EXERCISE AIM
Please copy, word for word, the line holding "One thing seen" and each line that follows it through the end of the entries, omitting any pictures.

THE RECORDS
=== Begin Enclosure ===

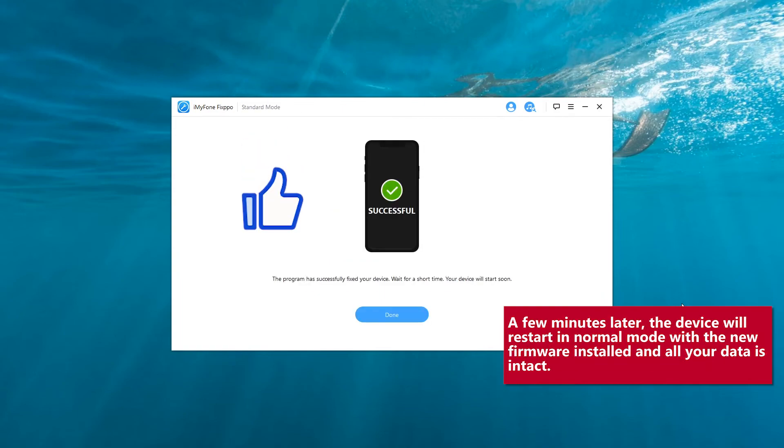A few minutes later, the device will restart in normal mode with the new firmware installed and all your data intact.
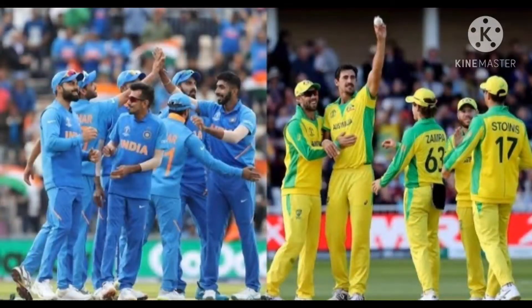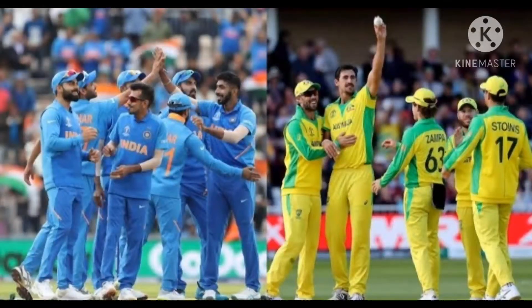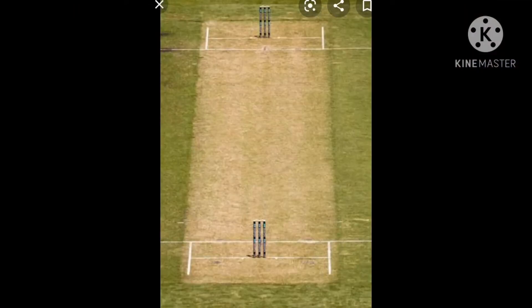The fielding team bowls the cricket ball at the batsmen, who try to hit the ball with their bat. The place where the batting and bowling happens is called the pitch.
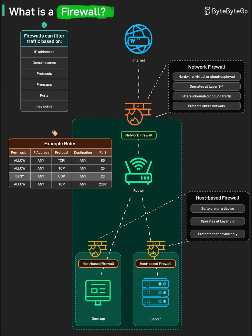In the rule table from the graphic, you see examples like Allow TCP on port 80 or Deny UDP on port 23, which are classic packet-filtering firewall rules controlling web, mail, or telnet traffic. This rule-based approach is the foundation of most modern firewalls, even when they add deeper inspection or application awareness on top.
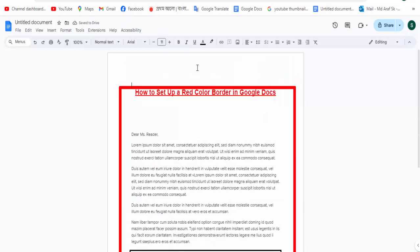Then we show the setup a red color border in Google Docs. I hope you enjoyed the video. Please like, comment, share, and subscribe to my channel. Thanks for watching my video.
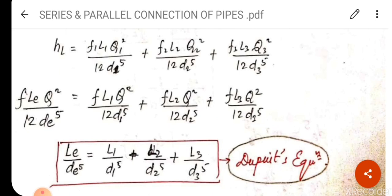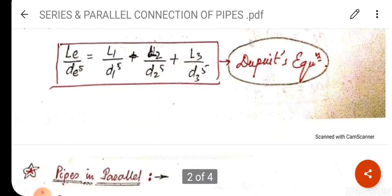So if in a question the lengths and diameters D1, D2, D3 of pipes in series are given, and the length of equivalent pipe LE is also given, you can find DE — the diameter of the equivalent pipe — using the Dupuit equation. Similarly, if all other data are given, you can also find the equivalent pipe length LE.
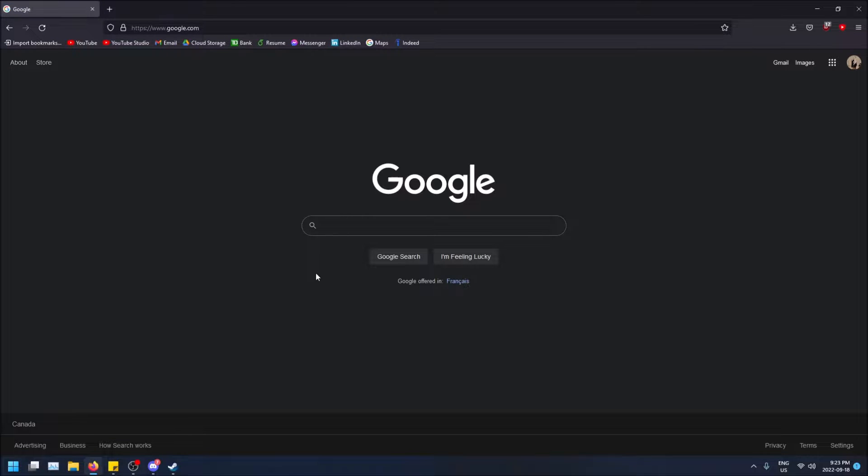What is going on guys? So today I'm going to show you how to save websites to your bookmarks bar in Mozilla Firefox.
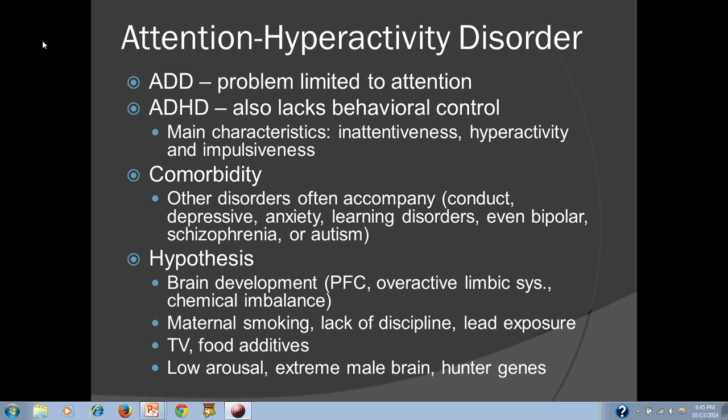One thing seen frequently — almost across the board — with those who have ADHD is a low level of arousal, meaning low physical and mental activation. When resting and there's nothing to do, many simply get sleepy. The constant activity and shifting from one thing to another is actually an attempt to stay engaged and raise that level of arousal. Impulsive actions may similarly be an attempt to find something stimulating to raise arousal.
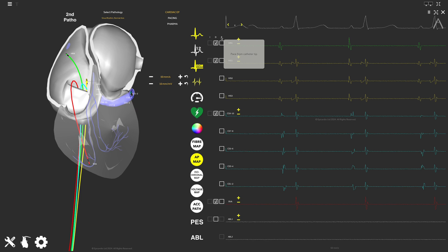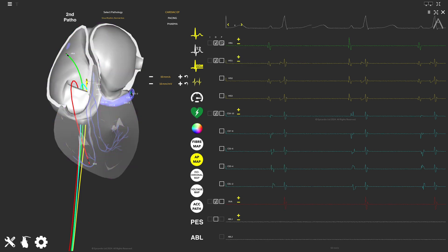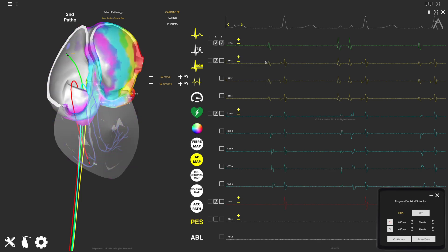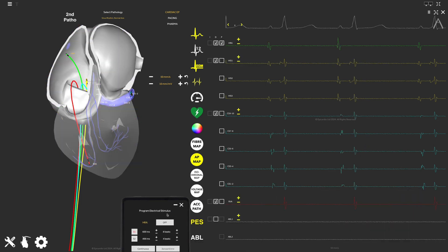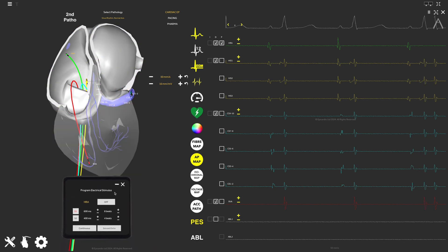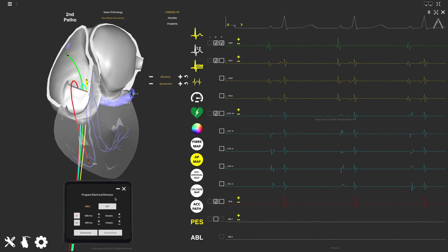Watch the EGM signals from each respective catheter. By ticking any of the boxes under P, you can select which catheter you wish to pace from.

=== End Enclosure ===

EXERCISE RESULT
One thing seen frequently — almost across the board — with those who have ADHD is a low level of arousal, meaning low physical and mental activation. When resting and there's nothing to do, many simply get sleepy. The constant activity and shifting from one thing to another is actually an attempt to stay engaged and raise that level of arousal. Impulsive actions may similarly be an attempt to find something stimulating to raise arousal.
Watch the EGM signals from each respective catheter. By ticking any of the boxes under P, you can select which catheter you wish to pace from.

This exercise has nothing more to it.